Second Mount Everest Climber Dies In 2016: Australian Woman Dead — Family Finds Out Online

A second Mount Everest climber has died in 2016, this time a 34-year-old woman from Melbourne, Australia, has lost her life, according to ABC.


Dr. Maria Strydom died due to suspected altitude sickness while descending from Mount Everest. She was making her way from Camp 4 to Camp 3 when she became sick, Pasang Phurba Sherpa, a board director at Seven Summit Treks, said.

“After reaching the summit yesterday she said she was feeling very weak and suffering from a loss of energy … signs of altitude sickness,” the Sherpa said.

What is more devastating about the second climber Mount Everest has claimed this year is that her family found out over the internet. Dr. Strydom’s sister, Aletta Newman, said she discovered her sister died by searching for her name online. Her sister was named in the online newspaper The Himalayan Times. The family have been receiving conflicting reports about the cause of death over the past few hours.

The Himalayan Times wrote that “Dr Maria Elizabeth Strydom lost her life after she suffered from snow blindness followed by [a] stroke, according to Shiva Bahadur Sapkota, a liaison officer deputed by the Department of Tourism at the Everest base camp.”

No one contacted the family of the climber that died, and Ms. Newman does not know how her sister died or if her sister’s husband is OK. There are reports that Strydom’s body has been moved down to Camp 2 but this has not yet been confirmed.

“We haven’t had anyone from that company talking to myself directly, they haven’t called us to inform us of anything,” Ms. Newman said.

“A number of family members have tried to call around and get information. We’ve even read in newspapers and online different accounts of what actually had happened.”

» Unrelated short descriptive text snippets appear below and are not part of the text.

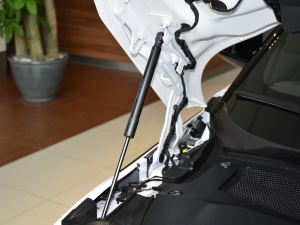 2021249PS R-DYNAMIC S ׺\ӿƼ  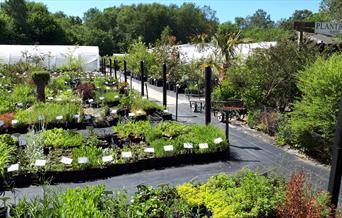 Garden centre in the sunshine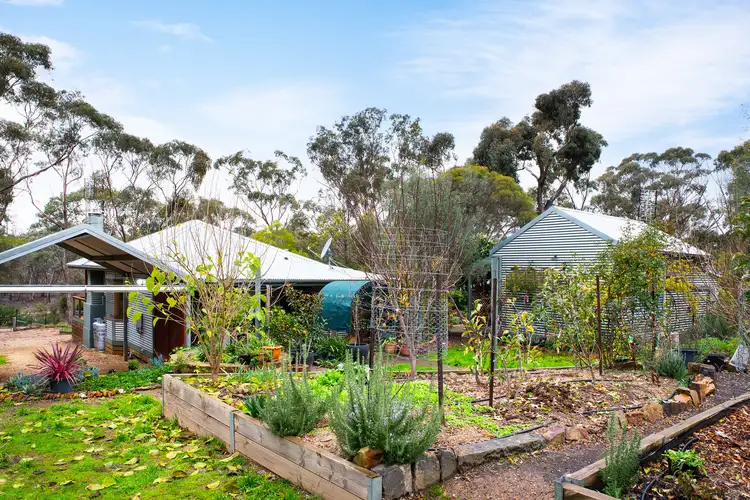 Fourth view of Homely house listing, 1003 Castlemaine-Maldon Road, Maldon VIC 3463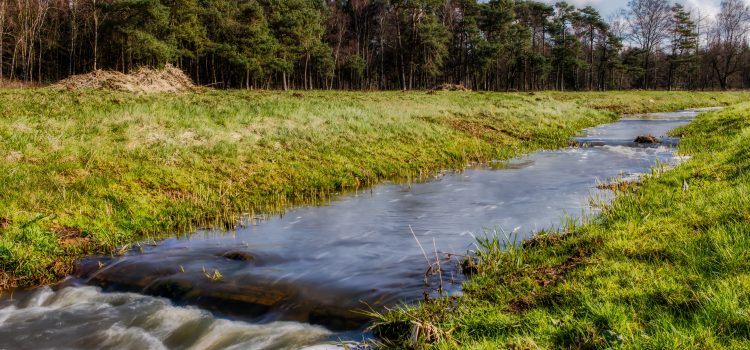 Pasikeitė žemės ūkio naudmenų geros agrarinės ir aplinkosaugos būklės (GAAB) reikalavimai, taikomi nuo 2023 m. paviršinio vandens telkinių apsaugos juostoms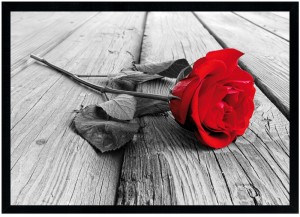 Nowoczesny obraz w czarnej ramie o wymiarach 70x100 cm -  Rose 2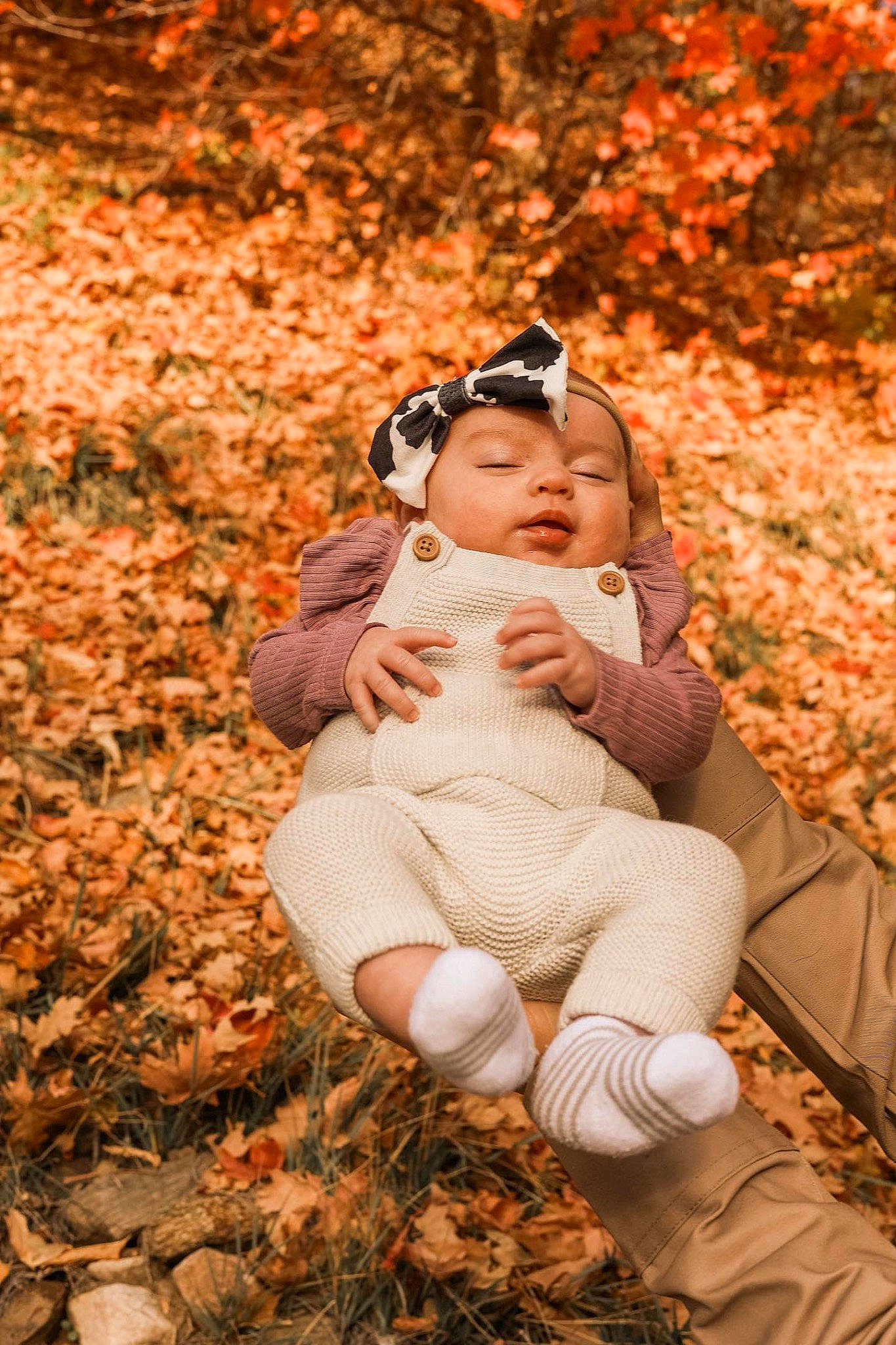 Preslee is registered to the contest to win money with this photo: autumn, baby, child, deciduous, flash_photography, forest, grass, happy, headwear, leaf, leisure, people_in_nature, person, plant, portrait_photography, sitting, soil, toddler, tree, wood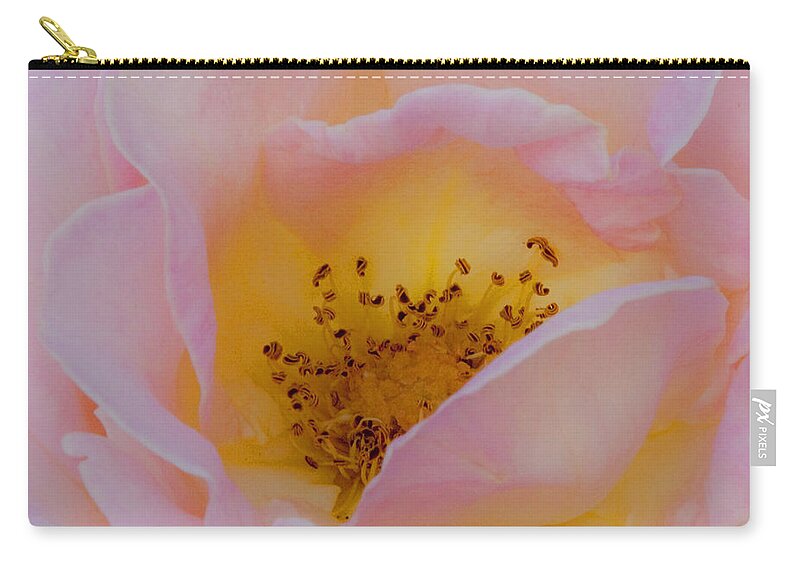 Shabby Chic Zip Pouch featuring the photograph Softly Rose by Theresa Tahara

The family became concerned for Strydom and her husband, Robert Gropel, who was hiking Everest with her when they stopped receiving pings from the GPS device she was carrying on Friday, according to the Daily Mail.

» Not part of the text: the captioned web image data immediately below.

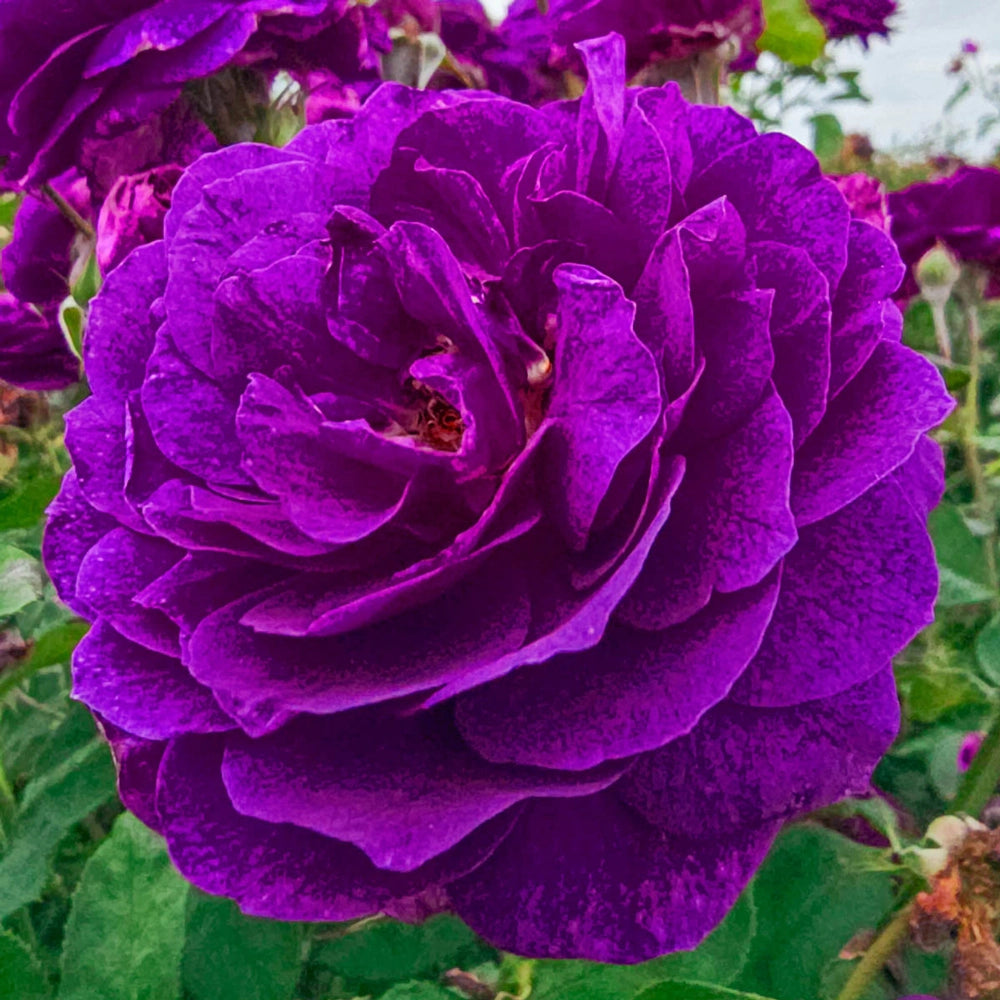 ebb tide rose seeds 36" Tree Rose Ebb Tide®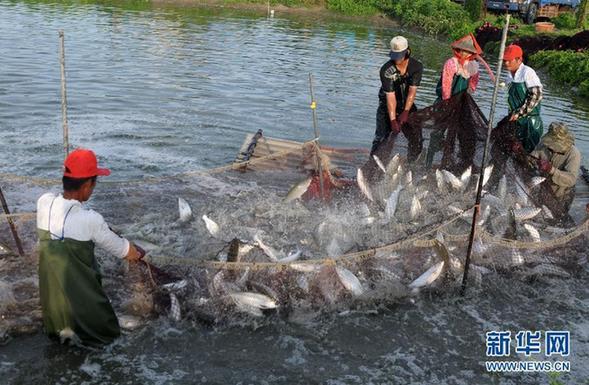 同胞攜手翻開歷史新頁——盤點兩岸關系2015關鍵詞 同胞攜手翻開歷史新頁——盤點兩岸關系2015關鍵詞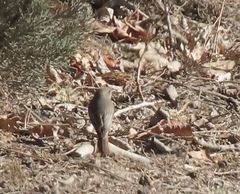 Phoenicurus ochruros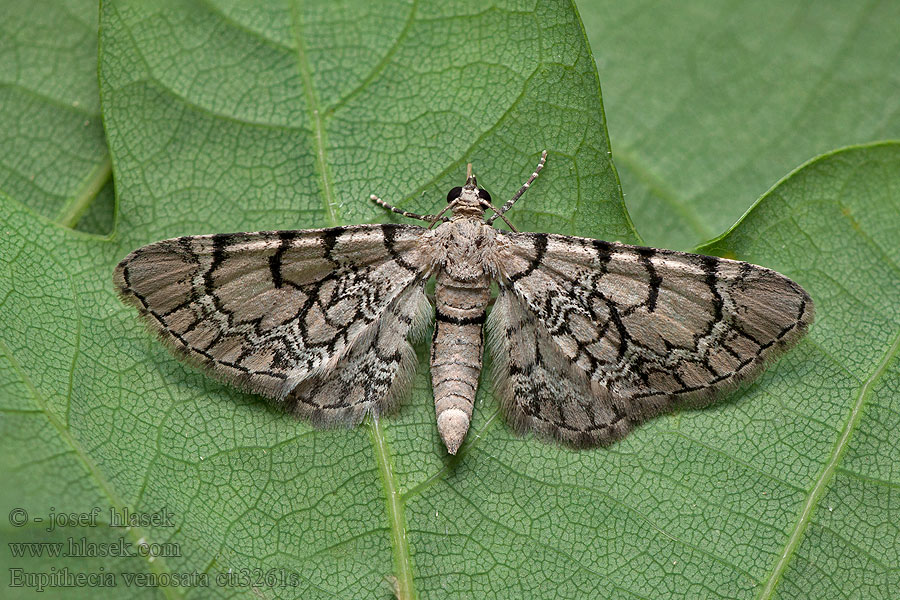 Píďalička knotovková Eupithécie veinée Eupithecia venosata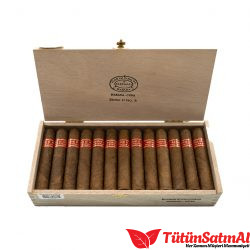 Partagas Serie D No.5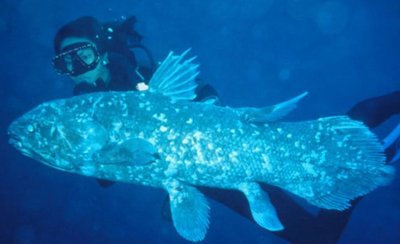 Testable idea example: Is a sparrow's song genetically encoded or learned?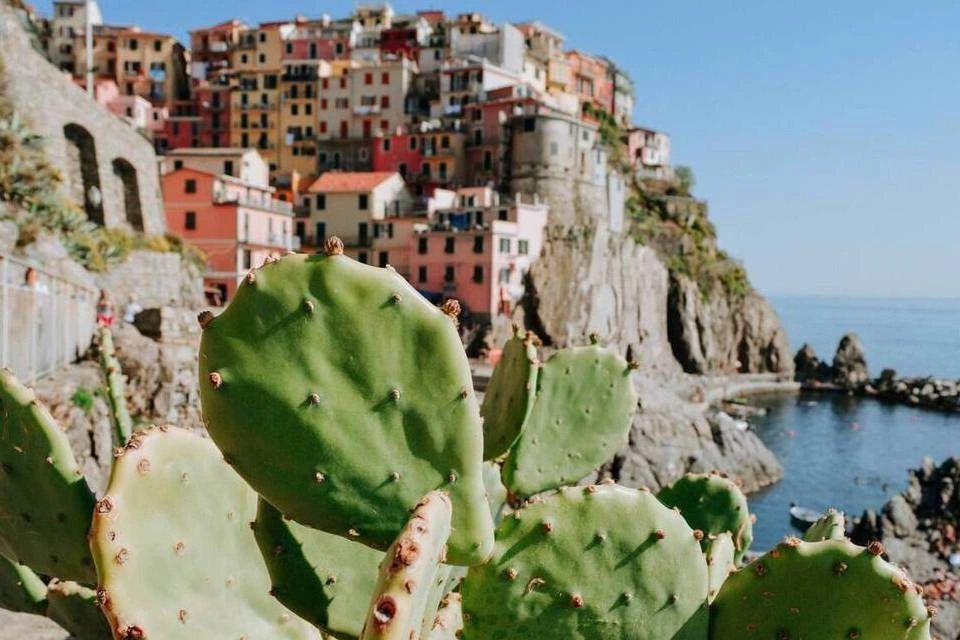 Excursion to Pisa and Manarola from La Spezia: The Jewel of Cinque Terre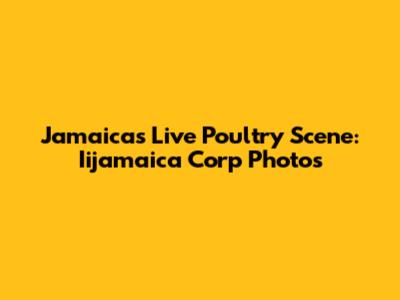 Jamaica's Live Poultry Scene: Iijamaica Corp Photos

“We all knew that it came with a degree of risks, we looked up statistics and saw that there was about a three per cent fatality rate,” Ms. Newman said.

“So every time we had contact with her we thought `You know this could potentially be the last time’, but you don’t really think you’re going to be that three per cent,” she said.

“She was very giving, very caring, always interested in family and always there to support her friends and family,” Ms. Newman said.

The Department of Foreign Affairs did contact the family to confirm the tragic news and the family wants to know why. Her mother, Maritha, said via Facebook post that she was “too devastated to communicate” upon hearing about the death of her daughter.

Dr. Strydom and her husband knew of the risks in climbing Mount Everest, and all the mountains they climbed, but took on the challenge to prove that “vegans can do anything.”

Dr. Strydom said she and her husband wanted to dispel the belief that vegans were “weak” or “malnourished” by taking on the climb.

“It seems that people have this warped idea of vegans being malnourished and weak. By climbing the seven summits we want to prove that vegans can do anything and more,” she said in an interview with Monash University, where she worked just weeks before her death.

Dr. Strydom and her husband were attempting to climb the highest mountain on every content when she succumbed to suspected altitude sickness and died. Dr. Strydom had already climbed Denali in Alaska, Aconcagua in Argentina, Mount Ararat in Turkey, and Kilimanjaro in her continent of birth, Africa.

Before she left to climb Mount Everest, Dr. Strydom said despite the life-threatening risks of climbing the mountain, she felt well-prepared.

“There are certain aspects of the mountain which will be out of our control, such as avalanches and icefalls which have plagued the previous two seasons on Everest,” she said.

“We can’t worry about this aspect of the climb and the odds are still very small of being caught up in it.”

Strydom. was a finance lecturer at Monash University in Melbourne, and the prestigious university has given a statement. They described Strydom as having an “unparalleled zest for life and the outdoors” and said everyone who knew her was “amazed at her discipline and enthusiasm.”

“Maria will be greatly missed — but very fondly remembered — by her many generations of students and colleagues at Monash business school and the broader academic community throughout Australasia,” Professor Gray said.

Strydom is the second climber to lose their life on Mount Everest in 2016, and was in the same climbing group as Dutch climber Eric Arnold, who died on Friday.

Arnold had told his teammates after returning from the summit “my body has no energy left,” he apparently died in his sleep.


Over 330 climbers have successfully scaled Mount Everest this season, including Alyssa Azar, who is the youngest Australian to do so at 19-years-old. On average, eight to 10 climbers die on the mountain each season.